Although significant progress has been made towards decreasing the intensity of Greenhouse Gas (GHG) emissions produced by oil sands operators, the increased production of oil counterbalances these gains and total emissions are expected to rise.
Given the current high oil prices there is renewed interest in carbon dioxide (CO2) capture and storage for enhanced oil recovery (EOR) to increase production from mature Canadian oil reserves. A major barrier to this development would be the need for a dedicated CO2 pipeline to transport CO2 from the oil sands projects to the light oil pools in central Alberta. The policy regarding long-term storage is also uncertain.
It is uncertain if the industry is able to increase the supply of skilled workers. A limited supply has the potential to restrict the pace of development.
The Wood Buffalo region, the area of most intensive development, has experienced deficiencies in community service delivery and infrastructure development.

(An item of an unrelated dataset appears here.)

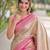 Off white pink soft kanjivaram silk banarasi jacuard work designer party wear saree with unstitched blouse piece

Higher natural gas prices have been one of the factors supporting a trend for oil sands producers to build cogeneration to meet their own electricity demand. There has been little incentive to install excess capacity for sale to the grid.

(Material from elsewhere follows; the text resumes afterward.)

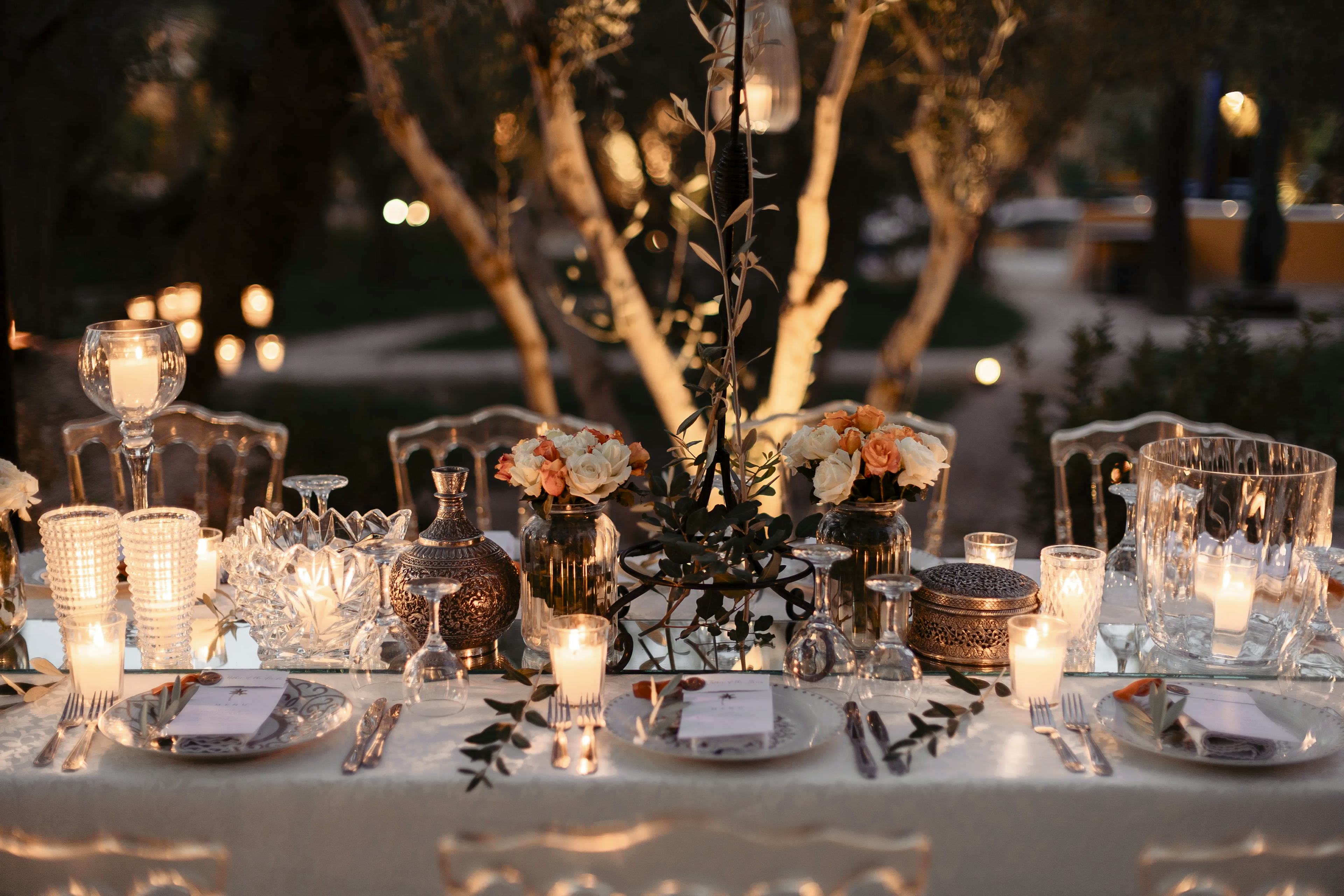 Faye Peters Wedding Day - Jnane Tamsna Marrakech-dinner table decoration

The Alberta petrochemical sector faces a situation of tight ethane feedstock supply, raising the need to consider future feedstock supply and flexibility.
The bitumen upgrading process produces off-gas from which ethane and other light hydrocarbons could be extracted and used by the petrochemical industry. Currently, ethane and most of the other light hydrocarbons remain in the off-gas and are used as fuel for operations.